Throughout the various stories, Ward stuck with one constant theme, the use of the railway bridges. Chicago is a city commonly known for railway bridges. Using that common knowledge of the readers, Ward easily solves a complex problem of establishing the location of the story. For a reader to understand any story, the location of the story is a key point in their comprehension. This is the reason that almost all novels always describe the location first before jumping into the actual plot of the story. When dealing with woodcuts, describing or even naming the location is impossible. By using such universal images to simplify the complicated task is very clever of Ward to do.
Another reason for which we can argue that a seemingly complicated book is simple is because no matter where we go in the world, facial expressions remain the same. Anyone anywhere can recognize that a smile resembles happiness; a tear is sadness, and so on onto many feelings. The seeming complications of his sketches also get across to us another main key point into understanding any story. The feelings of the character portray across a lot on the mood and the situation of the story. Since words could not be used to describe the emotions of the characters, Ward was very careful as to draw much detail into the facial expressions of the characters; for example, in ‘The elderly gentleman’ story, the anguish of the old man, the cunning, slightly evil looks of the co-board members, the bored carelessness of the employer, and the outrage of the workers were clearly shown with detailed drawings on their faces and worked to set the mood of the story being read. By using the simple commonly known expressions, Ward amplified the reader’s accessibility to the story within.
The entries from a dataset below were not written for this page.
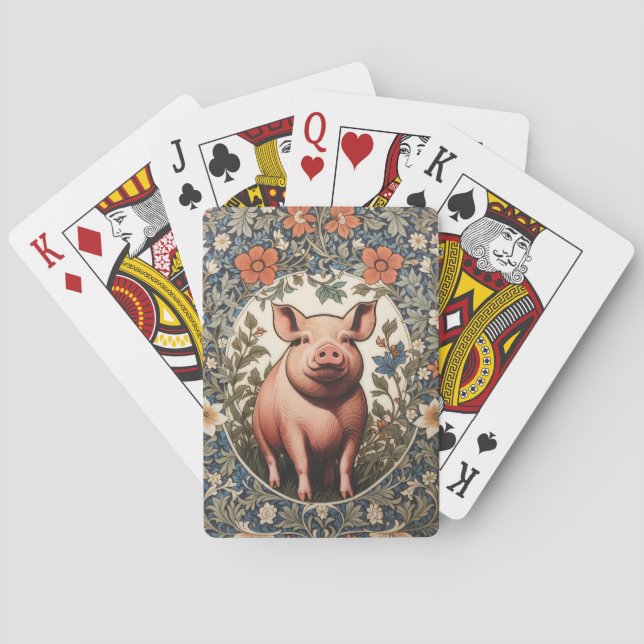 Cute Pig William Morris Inspired Casinokort (Baksidan)
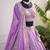 Lavender Mirror Thread & Zari Embroidered Chinon Silk Lehenga Choli with Dupatta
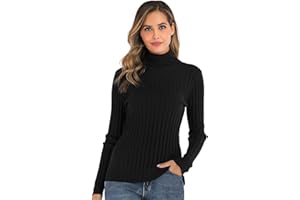 Enjoyoself Damen Strickpullover Gerippter Rollkragenpullover Feinstrick Elegant Langarm Strickpulli Stretch Warmer Winter Rolli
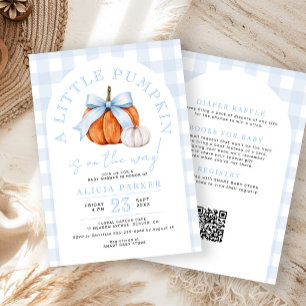 All in one pompoen blauwe strik jongen baby shower kaart
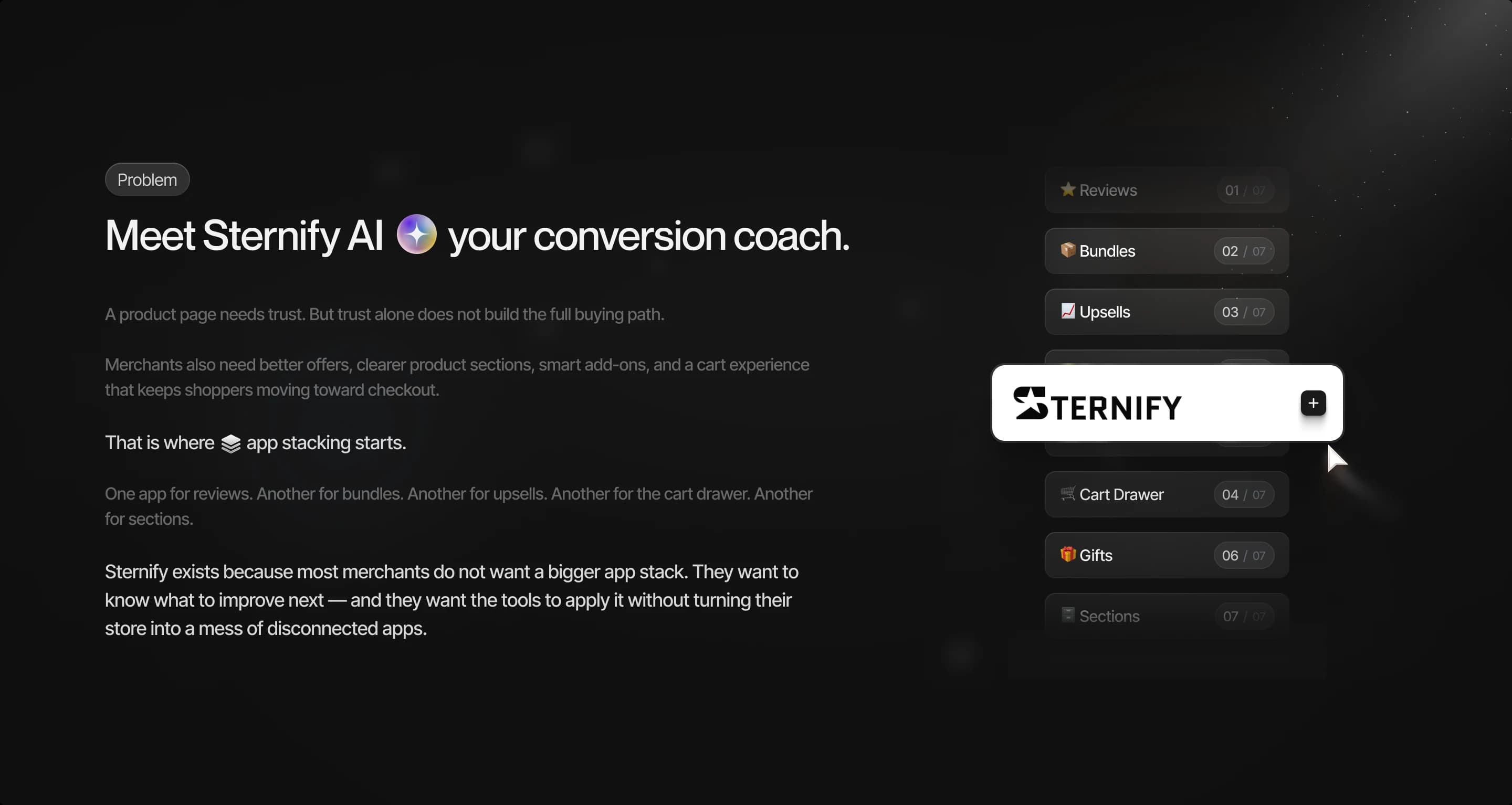 Problem — Pain Point Highlight Section Design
One final way that Ward tried to integrate a concept that normal people can project themselves or relate with is by making tiny symbolic representations of principles we all know. The heroic statue in the old man’s story, the really bright star that keeps showing up everywhere, mirrors, and roses are just a few of the things that are put in there to detach us from the realistic world that is surrounding us in that story. The statue of the hero gives us the confidence that not everything is individualistic, that there are things that not just the characters but we as readers can recognize too. Ward also uses a very sly trick to pull in the readers by using the star. The time at which the book was first published 1937; consisted majorly of a Christian audience. By making the star appear constantly throughout the book, Ward installed a sense of peace and faith in people that what the book was to impart on them was somehow related to the God.
Overall, even though the book is complicated and hard to understand, Ward somehow squeezed in some simplicity that is meant to guide and help us on our quest for understanding the book.